Elad Lassry’s hometown exhibition on Smiley Drive, at David Kordansky’s warehouse gallery in Culver City, presents a spectrum of the artist’s rapidly diversifying practice. Most every component—from photos, to drawings, to sculptures, to architectural interventions—remains both cleverly engaged while also unreachably disjointed from each other. The overall effect is that of a nebulous exercise in plumbing the depths of the subjective acts of perception, to put it in a heady way; or rather, an exercise in looking and seeing, or indeed, the whole range of operations connecting the eye and mind that differ only by subtle, ontological measures: how a viewer places their own intents, focus, presence, while cognition takes place.
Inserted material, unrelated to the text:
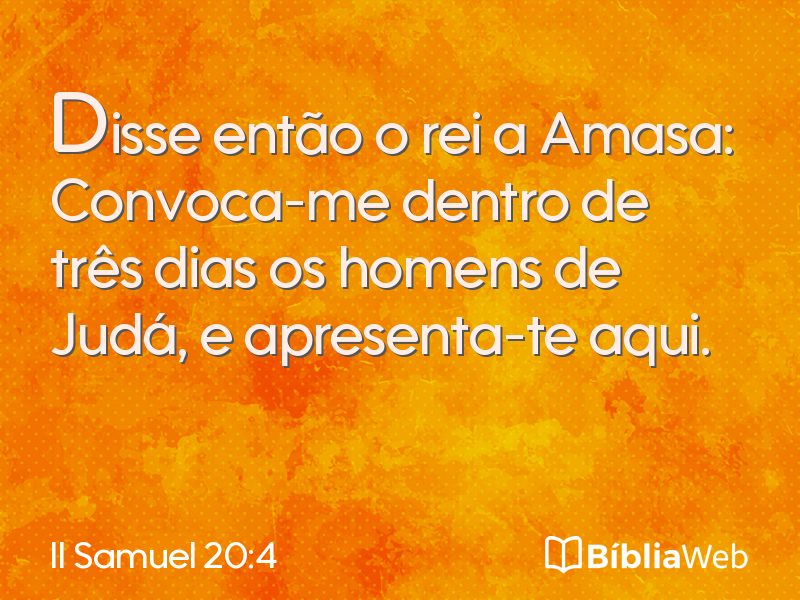 II Samuel 20:4 em imagem para compartilhar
In the main gallery, there are two architectural interventions that stand out: a freestanding wall, with wave-like scallops alternating in blue and peach blocks of painted wood at chest-height. This wall runs parallel to a long rectangular aperture punched out at the same height in the wall across the room. These are the two most striking features in the show, and yet it’s unclear whether they surpass their function as framing devices, or if they should be considered artworks in their own right. This taps into a timeless philosophical debate, which, thankfully, unfolds empirically and without resolution, rather than through academic conjecture. From almost any point in the room, architecture orients what a viewer sees, and what is hung on the walls has been done so with meticulous care. As the viewer circumambulates the space, the series of drawings aligned with the sideways slit can be read laterally like a tracking shot. Similarly, the photographs “flicker” as they are hidden and revealed while walking past the undulating waves. That is, the spatial conditions Lassry has designed frustrate the presumed stillness of the images. The gallery, viewer, and artworks coalesce like a cinematic apparatus.
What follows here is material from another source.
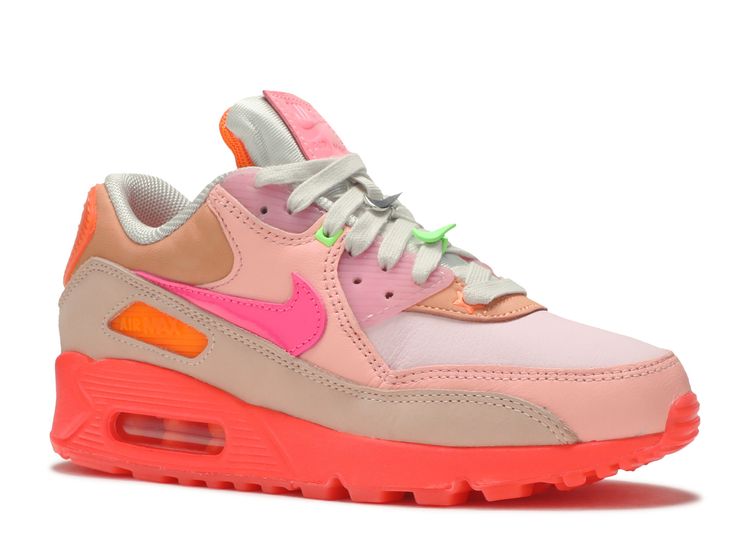 Wmns Air Max 90 'Platinum Crimson' - Nike - CT3449 600 - platinum crimson/hyper  purple | Flight Club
The aforementioned drawings are blithe sketches of yuletide baubles, treats, pinecones, and whatnot, a kind of analog Americana stock photography rendered in charcoal. Although they aren’t photographic, they maintain a certain “snapshot” sensibility. The actual photographs nearer to the waves are sets of staged occurrences featuring a favorite subject of Lassry’s, the actor Anthony Perkins. In one set, a triptych, Perkins handles an armful of milk cartons and juice. Lassry has retouched his face and denuded the products of their branding. The temporal distance separating each image is a mystery: they are similar enough to be individual frames taken from a momentary sequence of action, but in their polished absurdity it seems possible that this shoot dragged on for hours, days, or years. With the images’ referents to origin and narrative erased, all emphasis is placed on the very place and time occupied by the viewer. Whatever order or meaning may be interpreted from the subjects selected for the pictures of this show only serves to outline a unique cognitive experience in the gallery. That and Lassry’s ever-growing visual lexicon, which is astoundingly expressive as a language in light of its refusal to adopt an operative grammar.
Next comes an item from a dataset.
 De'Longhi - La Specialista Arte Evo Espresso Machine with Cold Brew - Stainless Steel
The doorway to the back room is conic, imparting some kind of organic intimacy perhaps? Inside, the hanging is sparse compared to that of the main gallery. Three photographs are anchored by a peculiar sculpture in the corner. One of these pictures depicts shortbreads in a free fall, recalling vaguely the holiday drawings from the hall. The others, a curly chrome candlestick and a double-exposed squirrel-for-hire, elude rational categorization but, nonetheless, are discernable as images typical of Lassry. I don’t get the green lacquered baby bed made of upside-down and right-side-up crosses. It chafes the room with a mood that is too identifiable: iconoclastic, apparently. The look of it feels clumsy compared to the enigmatic, withholding precision of everything else in the show.